Es obvio que las participaciones de lotería de Navidad
que una cooperativa de trabajadores venía repartiendo desde hacía algunos años
entre políticos y funcionarios de los municipios del Baix Llobregat,
pertenecían a esa modalidad leve de corrupción. Se trataba de un presente
modesto –casi simbólico-, puesto que, como podremos comprobar hoy mismo, día
del sorteo del Niño, el rasgo principal de los décimos de lotería es que nunca
nos tocan a nosotros.
Ahora se ha armado un colosal embrollo como consecuencia
de que los aparentemente inocentes boletos han sido agraciados con un
multimillonario premio. La turbulencia política que ello ha ocasionado está
determinada por el hecho de que un objeto regalado ha pasado de no valer
absolutamente nada a representar decenas de millones. Con ello, el principio
intercambiario se ha alterado, puesto que no es lo mismo devolver en forma de
favores un décimo premiado que uno sin premiar, pero también se ha planteado un
complicado problema ético, relativo a qué hacer con el dinero recibido por unos
ayuntamientos nada más y nada menos que del mismísimo cinturón rojo de
Barcelona, siendo como son no pocos de los beneficiarios militantes de una
opción –IC- que se presenta como el colmo de la escrupulosidad moral.

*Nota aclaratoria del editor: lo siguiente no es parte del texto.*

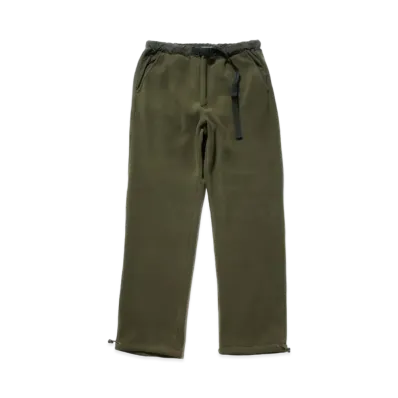 FIRST DOWN MICRO FLEECE EASY PANTS "Olive"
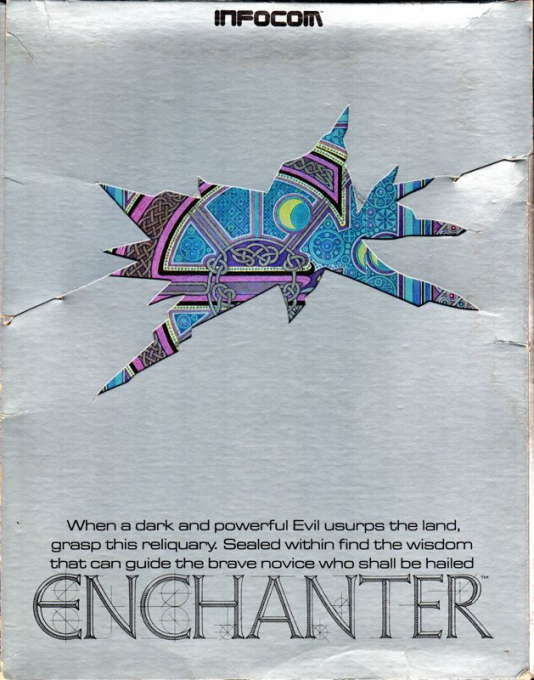 Enchanter box art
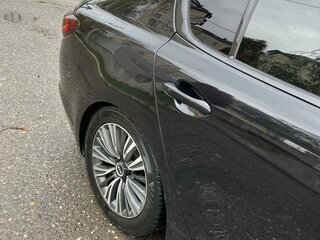 2014 Kia Quoris I Рестайлинг, чёрный, 1150000 рублей, вид 4
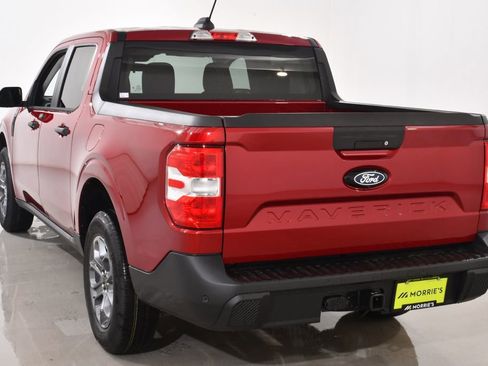 New 2026 Ford Maverick XLT w/ XLT Luxury Package AWD/4WD image 14
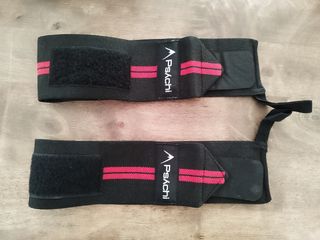 Muñequeras gimnasio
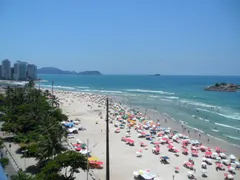 Apartamento com 3 Quartos para alugar, 160m² no Pitangueiras, Guarujá - Foto 21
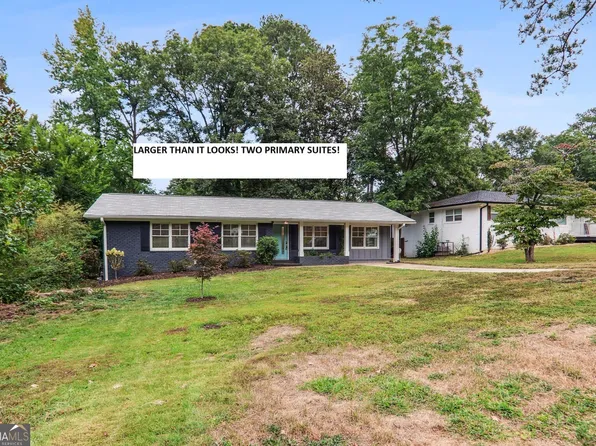 3226 Convair Ln, Decatur, GA 30032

En todo esto hay varias historias intercaladas, algunas
bastante sórdidas, otras casi cómicas, cada una merecedora de tratamiento
aparte. Entre ellas destaca la de la injusta discriminación que en algunos
municipios se ha hecho, a la hora de repartir, entre cargos políticos y
trabajadores. Pero lo que se discute aquí es hasta qué punto es condenable de
por sí que servidores públicos reciban algo de alguien. Un libro, un llavero o
una invitación a merendar –cosas todas ellas más valiosas que un décimo no premiado-,
¿colocan al funcionario receptor más allá de los límites de la decencia
política?
El otro día, un alumno mío que sabía de mi condición de
padre –y con el que he quedado automáticamente en deuda- me regaló –a mí, que
soy un funcionario público- unos vales para el Tibidabo. ¿Me he ensuciado yo
también las manos? ¿Estoy fuera de la ley? ¿Debo entregarme a la justicia?
Decididamente, la exigencia puritana de integridad a toda
costa que nos invade, lleva el camino de volvernos a todos locos. Y es que no
se quiere aceptar que es imposible una vida política completamente inmaculada,
que existe un nivel de corrupción que es estructural y que sólo merece ser
combatido cuando excede cierto punto de volumen o de indiscreción.
Pero hay más. Parece ser que el que un empleado público
acepte dádivas en consideración a su función está castigado por el artículo 390
del actual Código Penal y por el 426 del que entra en vigor este año. Y aunque
no sea estrictamente funcionarios públicos, ¿qué ocurre entonces con los
regalos que suelen recibir altas instancias del Estado, como el presidente del
Gobierno o de la Generalitat o el propio Rey, con motivo de todo tipo de
visitas o recepciones oficiales? Se dirá que esos obsequios pasan directamente
al patrimonio nacional –atenuante que no estoy seguro de que esté recogido por
la ley-. Pero, ¿acaso eso no empeora todavía más las cosas, puesto que hace
objeto del soborno no a la personalidad que recibe el regalo en sí, sino a la
propia institución que representa? Yo sólo pregunto.